Enfin, il est également proposé que les villes se penchent de plus près sur l’impact des mécanismes de financement du réseau sur les coûts de raccordement tout en surveillant la transposition des directives européennes dans le cadre du paquet « Fit for 55 (Ajustement à l’objectif 55) » dans leur pays. Les municipalités sont en contact étroit avec les communautés énergétiques et connaissent les difficultés auxquelles les citoyens sont confrontés au moment de payer leurs factures d’énergie. Fortes de leur expérience, elles pourraient rédiger des recommandations quant au financement des coûts de raccordement. Ces financements alternatifs feraient intervenir d’autres revenus que les contributions des citoyens et permettraient aux communautés énergétiques de se connecter au réseau sans faire peser une charge supplémentaire sur ceux qui ne peuvent pas y participer.

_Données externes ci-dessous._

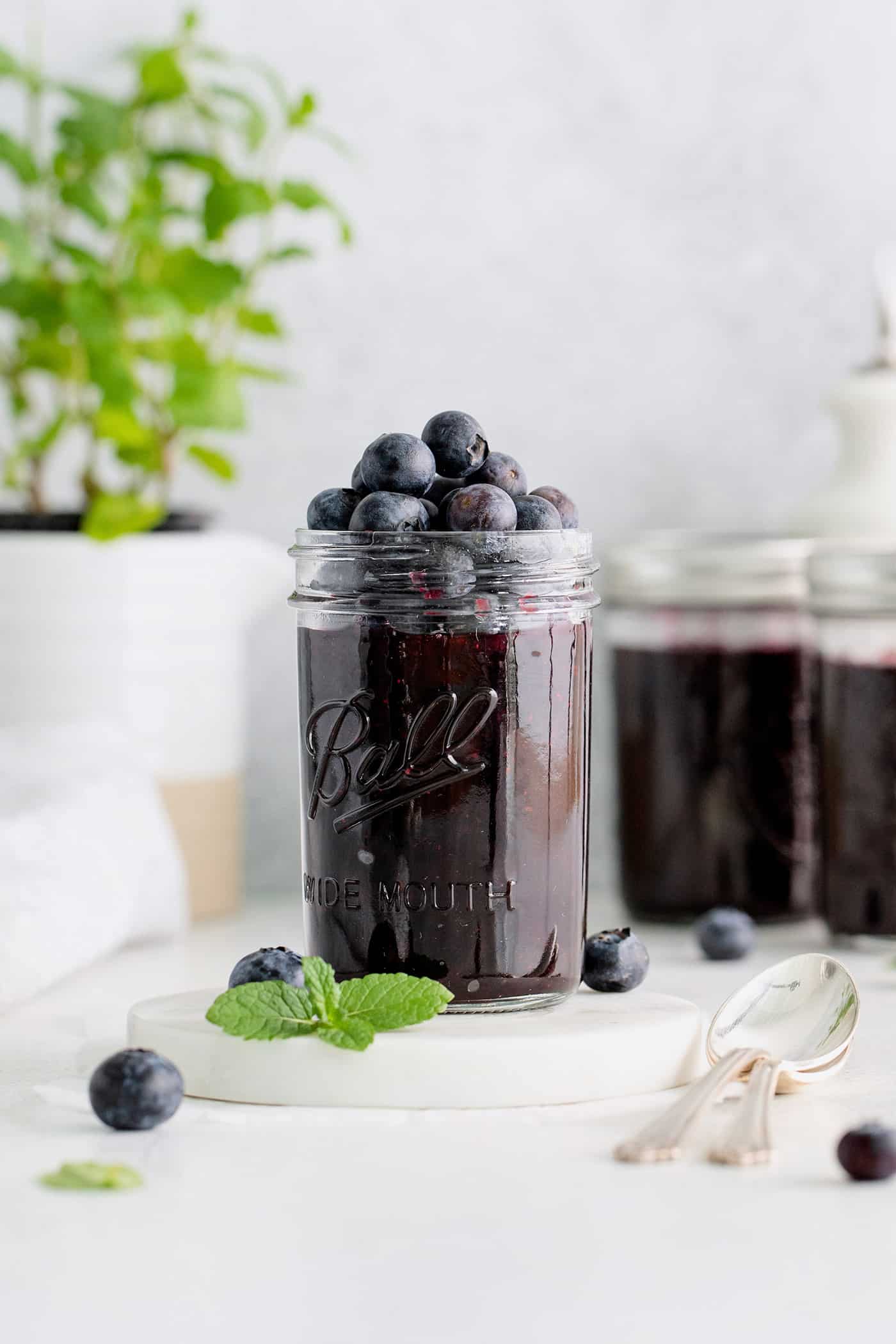 Made with just 4 ingredients, this Homemade Blueberry Jam with Mint is dark and fruity, with a sweet but cool and refreshing flavor. A jar of blueberry jam with more blueberries on top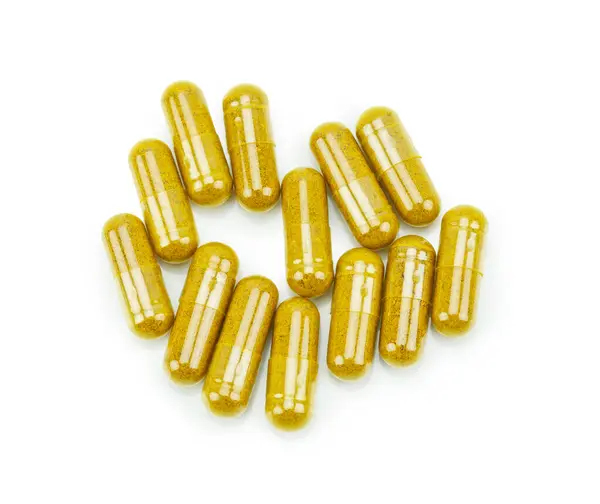 Beyaz arkaplanda zerdeçal kapsülü tozu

Une chose est claire : la facilité ou non de raccordement au réseau dépend fortement des stratégies et réglementations mises en place plus largement au niveau national en matière d’énergies renouvelables et est étroitement liée à celles-ci. Les incitations financières, le mode de financement du réseau dans chaque pays, et enfin, les règles européennes du marché commun de l’électricité sont également à prendre en compte. De plus en plus de décideurs politiques reconnaissent le potentiel des communautés énergétiques citoyennes à contribuer à la transition énergétique et à apporter des bénéfices sociaux et économiques. Les règles d’accès au réseau et les mécanismes de financement doivent intégrer ces nouveaux acteurs de la manière la plus équitable possible et les dernières avancées apportées par la législation européenne sur ce sujet vont dans la bonne direction.